● **Exercise description**: Going from the top of the listing below to the line that holds "RVIXE Phone Cases", reproduce each line exactly; no pictures.
Start of Data listing
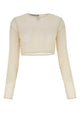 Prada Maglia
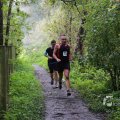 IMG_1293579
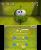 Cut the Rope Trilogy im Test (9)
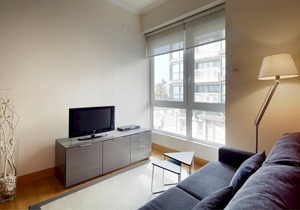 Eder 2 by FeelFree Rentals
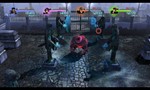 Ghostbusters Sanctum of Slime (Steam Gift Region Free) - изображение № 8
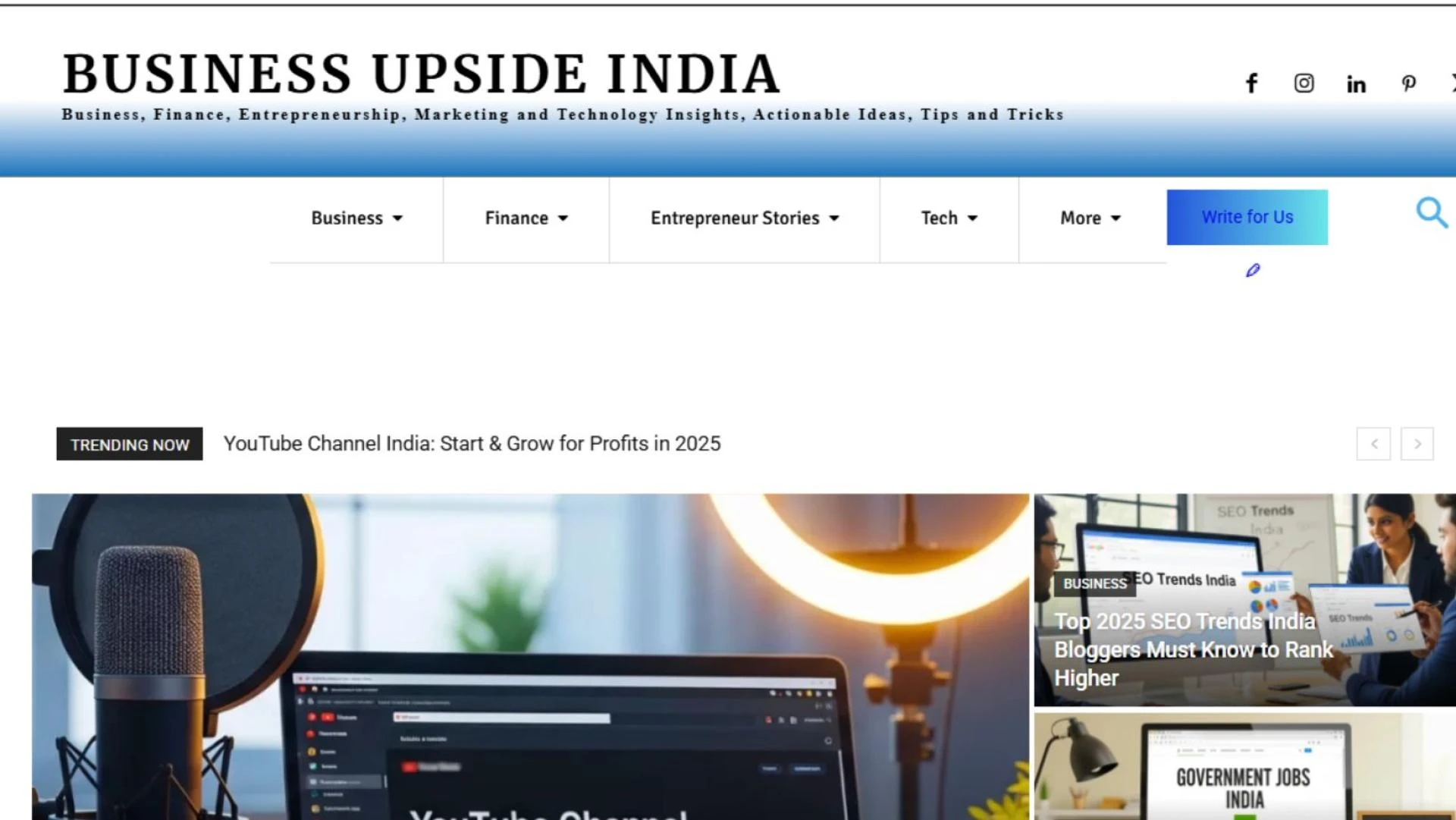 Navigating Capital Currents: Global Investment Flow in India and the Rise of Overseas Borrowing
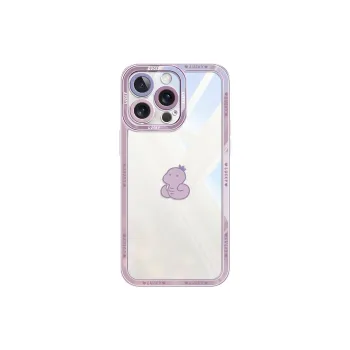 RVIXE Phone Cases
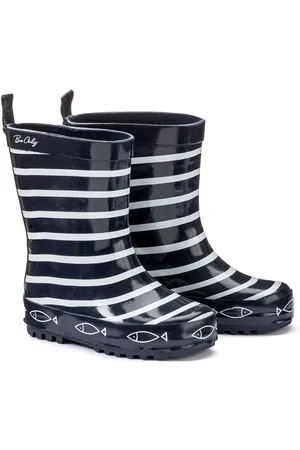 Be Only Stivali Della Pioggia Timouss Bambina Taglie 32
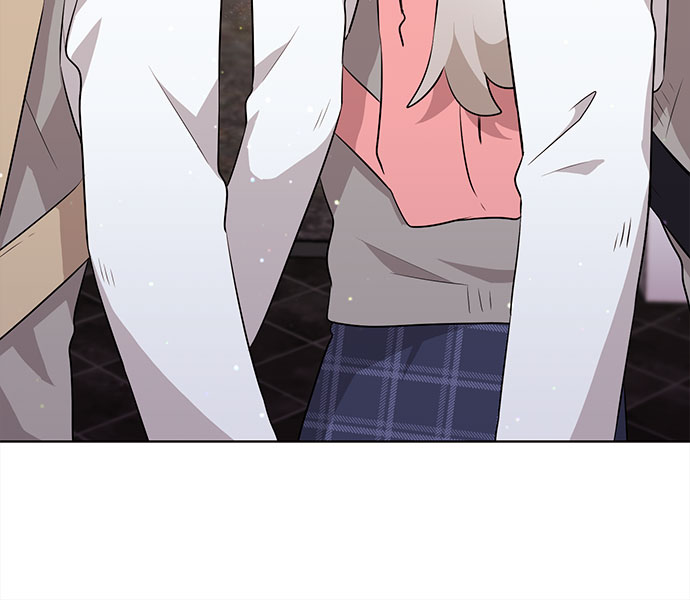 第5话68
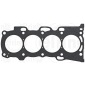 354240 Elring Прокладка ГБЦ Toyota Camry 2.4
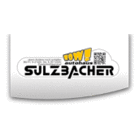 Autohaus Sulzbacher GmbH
End of Data listing
● **Exercise result**:
 Prada Maglia
 IMG_1293579
 Cut the Rope Trilogy im Test (9)
 Eder 2 by FeelFree Rentals
 Ghostbusters Sanctum of Slime (Steam Gift Region Free) - изображение № 8
 Navigating Capital Currents: Global Investment Flow in India and the Rise of Overseas Borrowing
 RVIXE Phone Cases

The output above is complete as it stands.